Rede · 24.02.2023 Wir brauchen grenzüberschreitende Verkehrskonzepte

„Insgesamt müssen wir bei allen Planungen und Wunschvorstellungen stets alle Verkehrswege und Verkehrsmittel zusammendenken und miteinander vernetzt ausbauen. Dies gilt insbesondere auch für den grenzüberschreitenden Bahnverkehr in unserer Grenzregion. Wir wollen im Wind stehen und nicht im geografischen Windschatten.“

Sybilla Nitsch zu TOP 7+19+28 - Mobilitätsgarantie für Schleswig-Holstein; Für einen qualitativ hochwertigen und gut ausgebauten Nahverkehr mit effizienten und transparenten Strukturen; Ein Bildungsticket für Schleswig-Holstein; Für grenzüberschreitenden Schienenverkehr mit Halt in Schleswig-Holstein (Drs. 20/572; 20/294; 20/563; 20/689; 20/709(neu); 20/750

Mobilität bleibt vollkommen zurecht ein Dauerbrennerthema. Schon lange fordern wir hier alle regelmäßig, dass gerade in Sachen Mobilität nicht gekleckert, sondern endlich geklotzt werden muss. Schleswig-Holstein ist ein Flächenbundesland und ein Pendlerland. Der ÖPNV ist noch immer –beschönigend ausgedrückt – ausbaufähig. Mobilitätswende, Energie- und Kraftstoffpreise, Fachpersonal, Taktverdichtungen, Elektrifizierung, der Anschluss einer jeden sprichwörtlichen Milchkanne auf dem Dorf – wir müssen hier richtig viel Geld in die Hand nehmen. Von daher klingt so ein Stichwort wie eine „Mobilitätsgarantie“ auf den ersten Blick natürlich großartig. Gleichzeitig müssen wir aber auch stets die Zeitschiene ebenso wie unsere finanziellen, personellen und baulichen Möglichkeiten im Hinterkopf behalten. 

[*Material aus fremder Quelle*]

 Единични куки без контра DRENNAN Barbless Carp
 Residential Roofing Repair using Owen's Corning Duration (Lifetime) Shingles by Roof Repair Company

Verstehen Sie mich nicht falsch – all die genannten und vorgestellten Ziele klingen großartig und darauf wollen wir ja auch alle hinarbeiten. Ein großflächig ausgebauter, umweltschonender, sozial gerechter und zuverlässig bedienbarer ÖPNV, ergänzt durch strategisch günstig ausgebaute Radschnellwege sowie On-Demand-Verkehre, ist unser aller Ziel. Um eine Mobilitätsgarantie verlässlich aufbauen zu können, müsste das Streckennetz ja nicht nur massiv ausgebaut, sondern in erster Linie ja erst einmal modernisiert bzw. teilweise gegebenenfalls reaktiviert werden. 
Und dann ist da noch der Landesnahverkehrsplan. Wie werden die Prioritäten angepasst? Wie sieht die Finanzierung aus? Müssen wir uns gegebenenfalls von Projekten verabschieden? Die Antworten fehlen.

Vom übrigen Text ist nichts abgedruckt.